-
Notifications
You must be signed in to change notification settings - Fork 128
Home
louismullie edited this page Feb 7, 2012
·
72 revisions
Treat is a toolkit for natural language processing and computational linguistics. It provides a common API for a number of existing tools in C, Ruby and Java for document retrieval, parsing, annotation, and information extraction.
Resources
- Read the latest documentation.
- See how to install Treat.
- Learn how to use Treat.
- Help out by contributing to the project.
- View a list of papers about tools included in this toolkit.
- Tutorials coming soon!
Current features
- Text extractors for PDF, HTML, XML, Word, AbiWord, OpenOffice and image formats (Ocropus)
- Document indexation and retrieval (Ferret)
- Text chunkers, sentence segmenters, tokenizers, and parsers for several languages (Stanford & Enju)
- Word inflectors, including stemmers, conjugators, declensors, and number inflection
- Lexical resources (WordNet interface, several POS taggers for English, Stanford taggers for several languages)
- Language, date, time and named entity extraction, as well as coreference resolution
- Topic extraction (LDA or Reuters-trained model)
- Simple text statistics (frequency, TF*IDF)
- Serialization of annotated entities to YAML or XML format
- Visualization in ASCII tree, directed graph (DOT) and tag-bracketed (standoff) formats
- Linguistic resources, including full ISO-639-1 and ISO-639-2 support, and tag alignments for five treebanks.
New in version 0.2.4
Here's how to access the Ferret API:
c = Collection 'folder' # Recursively searched for supported file types.

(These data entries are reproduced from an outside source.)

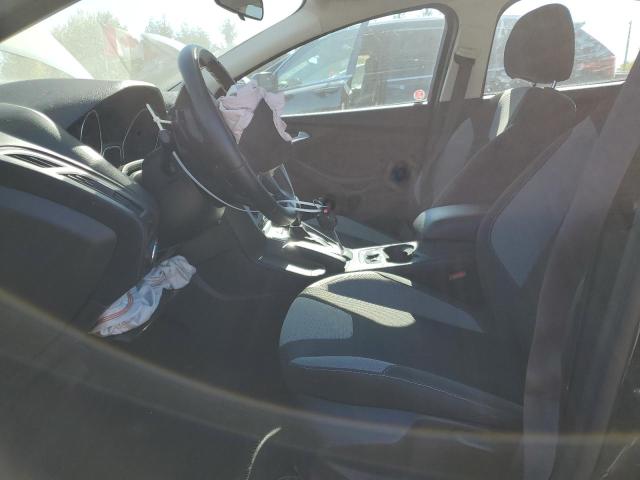 Photo 7 from auction – 2014 FORD FOCUS SE with VIN 1FADP3F28EL433763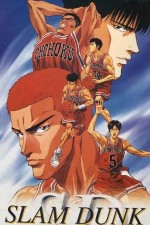 Watch Slam Dunk Vidbull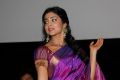 Shriya Saran at Chandra Movie Press Meet Stills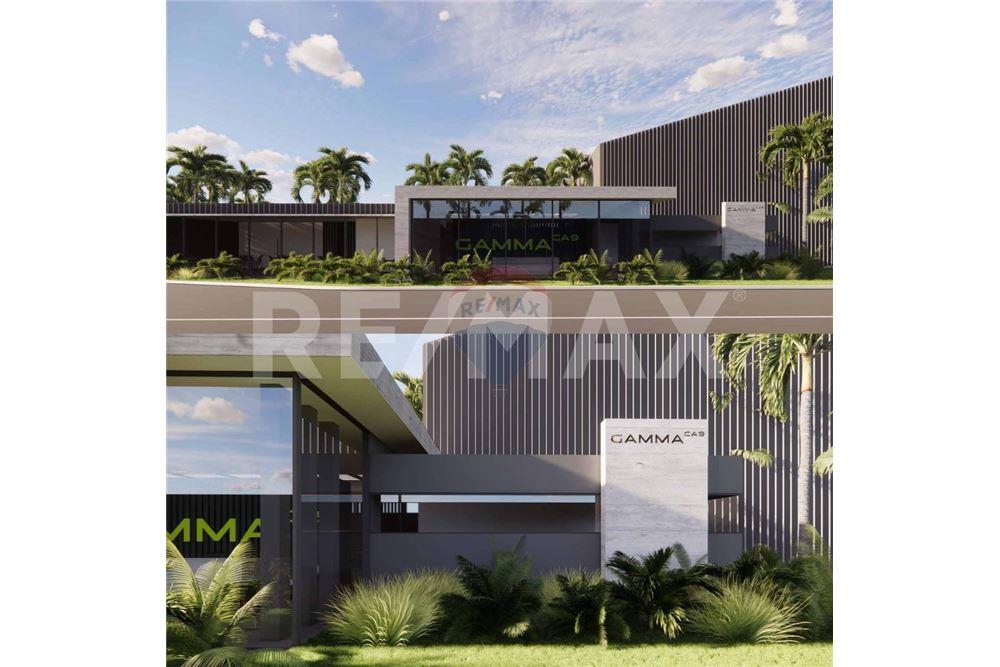 Bedrijfsverkoop - Te Koop - Amatitlán, Guatemala, Guatemala - 2 - 902091006-26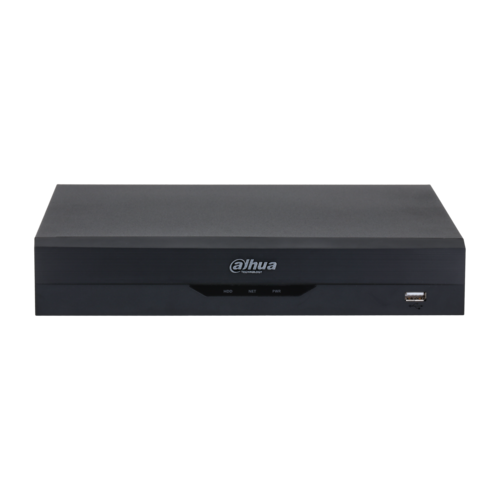 Đầu ghi hình DAHUA DH-XVR5108HS-I3/T - 2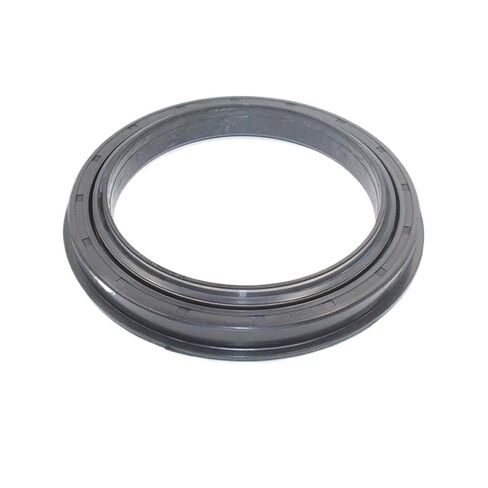 Oil Seal AQ8143P Compatible with TCM850 TCM860 TCM870 in Saudi Arabia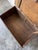 Antique 17th Century English Oak Plank Coffer For Sale - Image 13 of 13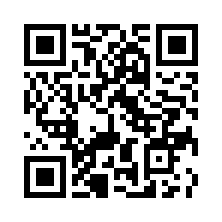 QR Code for 33LppgcMhQcUPz71dMFPqef1J6U95E5bGS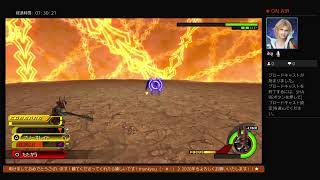 帰ってきた　KAZのkingdom　BBS実況play part 10 T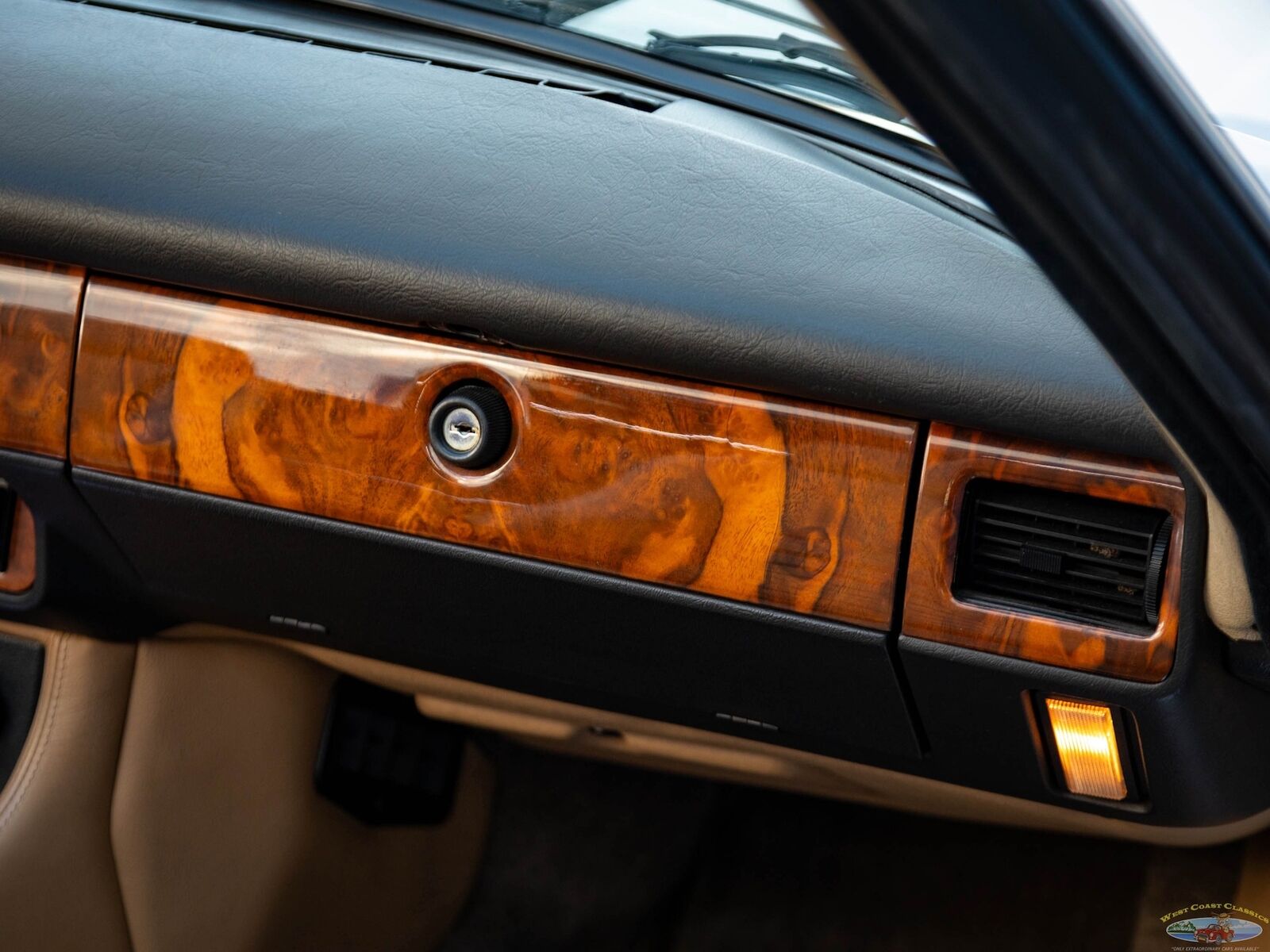 Jaguar-XJS-1990-Convertible-32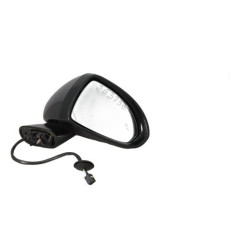 Retroviseur droit OPEL CORSA E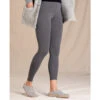 Women's Lean Legging -Sport Outfits Shop T1041198 089 10 22ce66c5 fee7 4f4e a946 494696a48d5f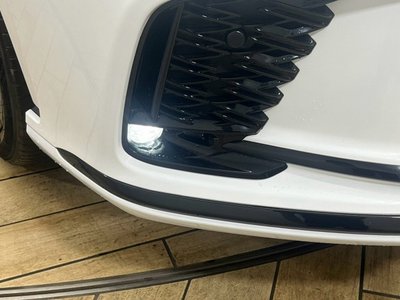 2023 Lexus RX 缩略图 23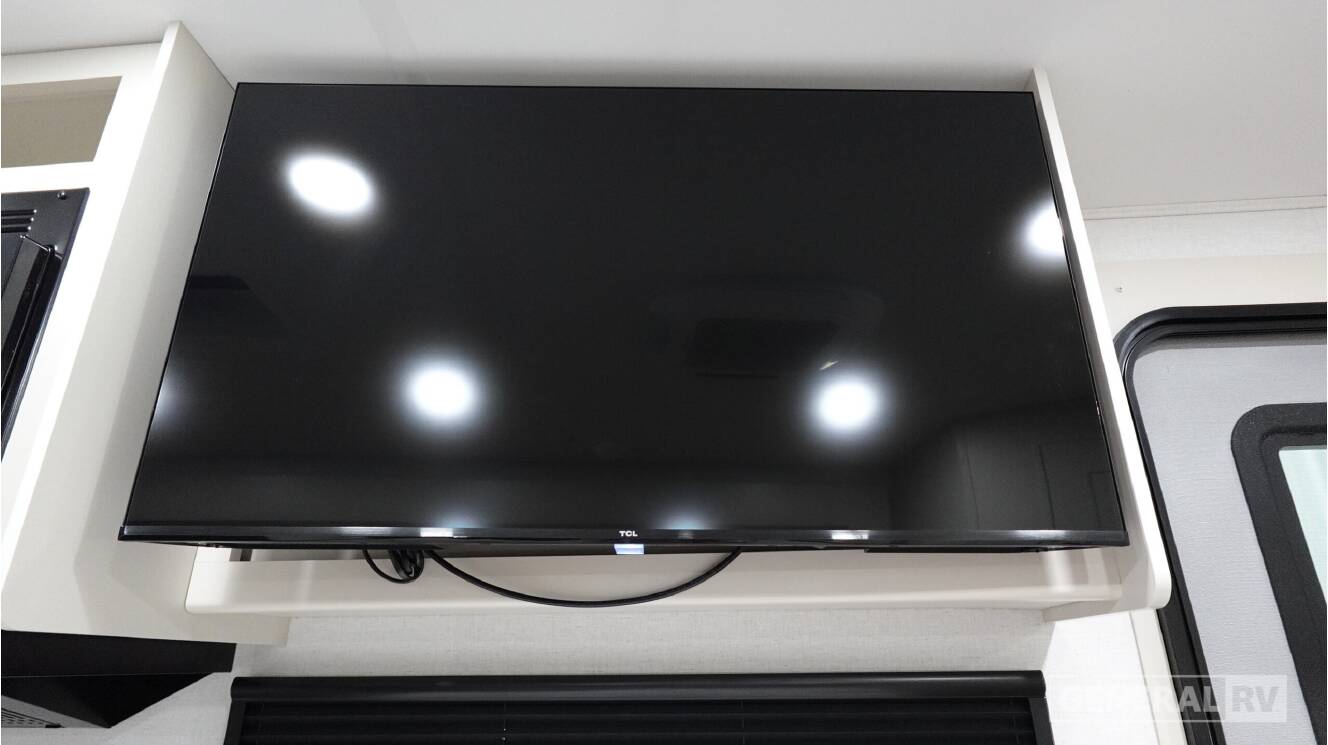 A photo of this 2027 Grand Design IMAGINE 2470BH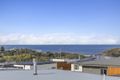 Property photo of 16 Millennium Way Torquay VIC 3228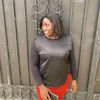 janekuks1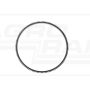 Flywheel rim 21/15-10 fi-365 mm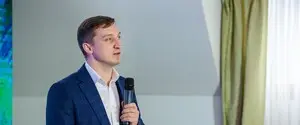Реформа адвокатуры: против НАПК зарегистрировали уголовное производство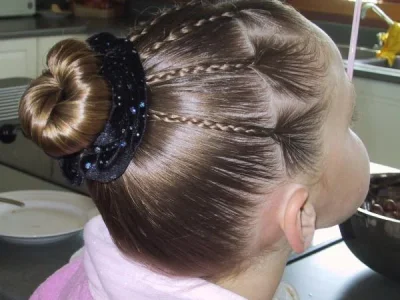 BB hair.webp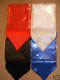 elvis scarves (21K)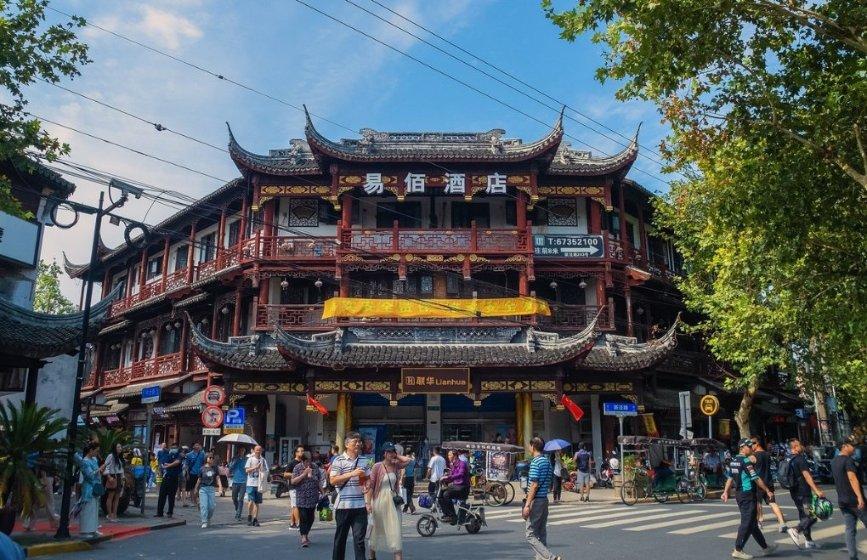 这只脚有多大?-专业问答类网站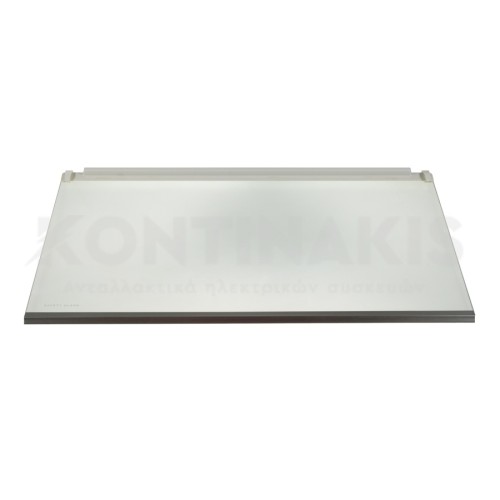 Γύαλινο Ράφι Ψυγείου AEG/Electrolux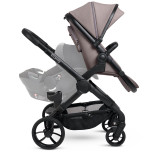 iCandy Peach 7 Twin - Porcini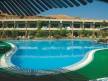 Отель Queen Sharm Resort (ex. Turquoise Beach Hotel) 3*, Шарм Эль Шейх - фото 2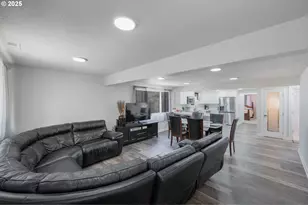 31165 Hwy 22, Hebo, OR 97122 - Photo 4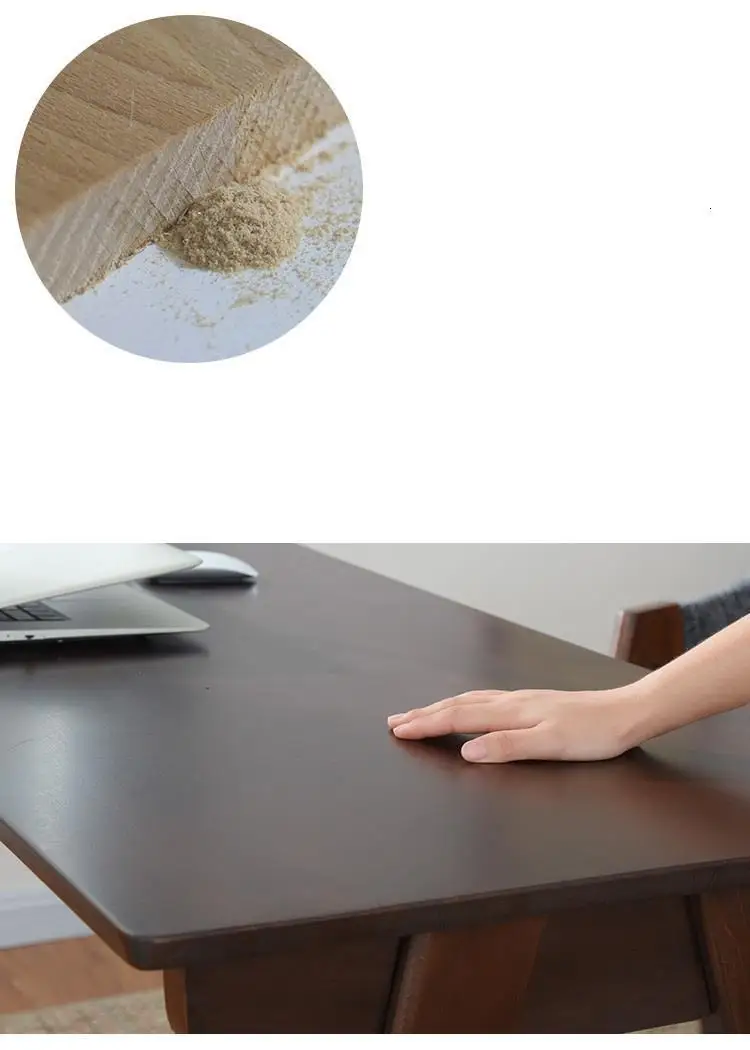 Tavolo Dobravel Pliante Mesa scrivana Schreibtisch офисный стол винтажный прикроватный стол для ноутбука компьютерный стол для учебы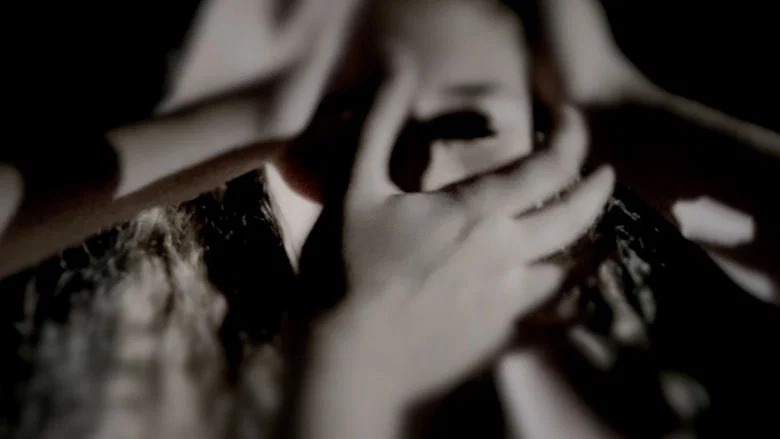 Mentes Oscuras screenshot 1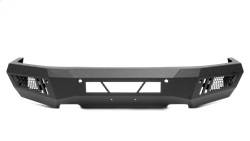 Body Armor - Body Armor GM-19337 ECO-Series Front Bumper - Image 1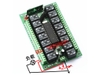 khien-tu-xa-dong-mo-15-thiet-bi-bang-relay-12v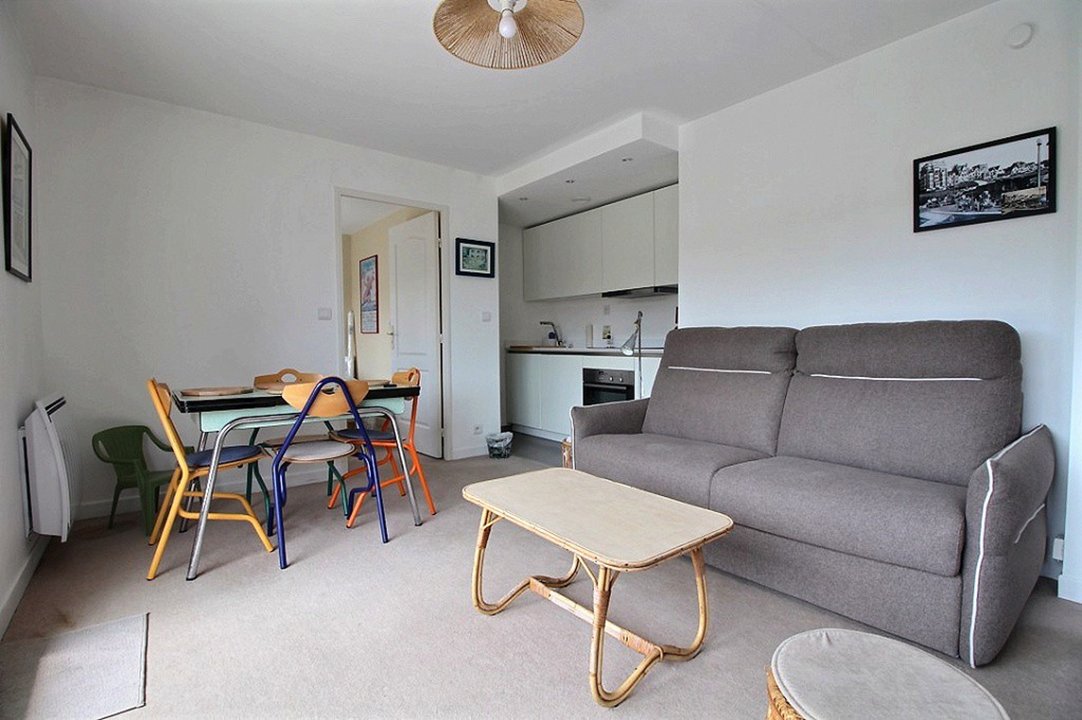 /picture/helios/116252002/Central Park 1/1_2026-02-09CET16h00-06.jpg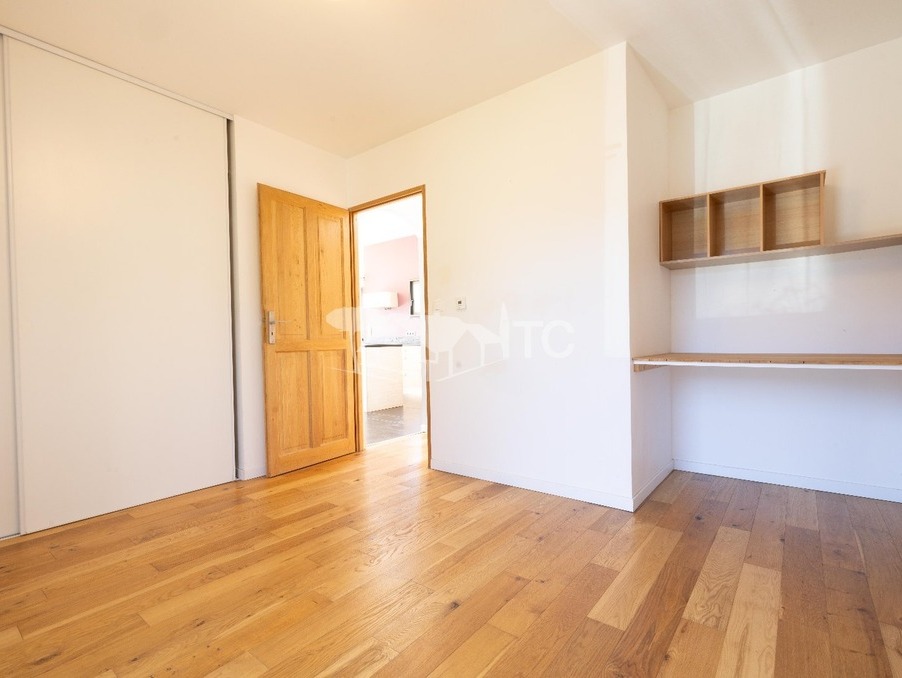 Vente maison 421 000 €  Les Mages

c.index # Indexes are stored under foler/.index
c.search(:ferret, :q => 'hungary').each do |doc| # Search for a document with the word "hungary".
# Do processing/annotation/extraction
puts doc.file
end
c.serialize(:yaml, :file => 'test.yaml') # Save annotated entities to reopen later.
Pretty sweet, no?
Caveats/Planned features
- The few native Ruby statistics algorithms are slow. Some of the highly recursive code in the core Tree and Entity classes will be ported to inline C.
- XML unserializer is currently broken; it will need to be fixed.
- The API to the Stanford Coreference Resolver and the NER system will need to be integrated with the parser to allow retrieval of coreferences/tags at the same time as the parse tree. Currently, it is only possible to retrieve them separately.
- Tests need to be improved for extractors and processors.
- A faster WordNet API in Java will be interfaced.
License
This software is released under the GPL License and includes software released under the GPL, Ruby, Apache 2.0 and MIT licenses.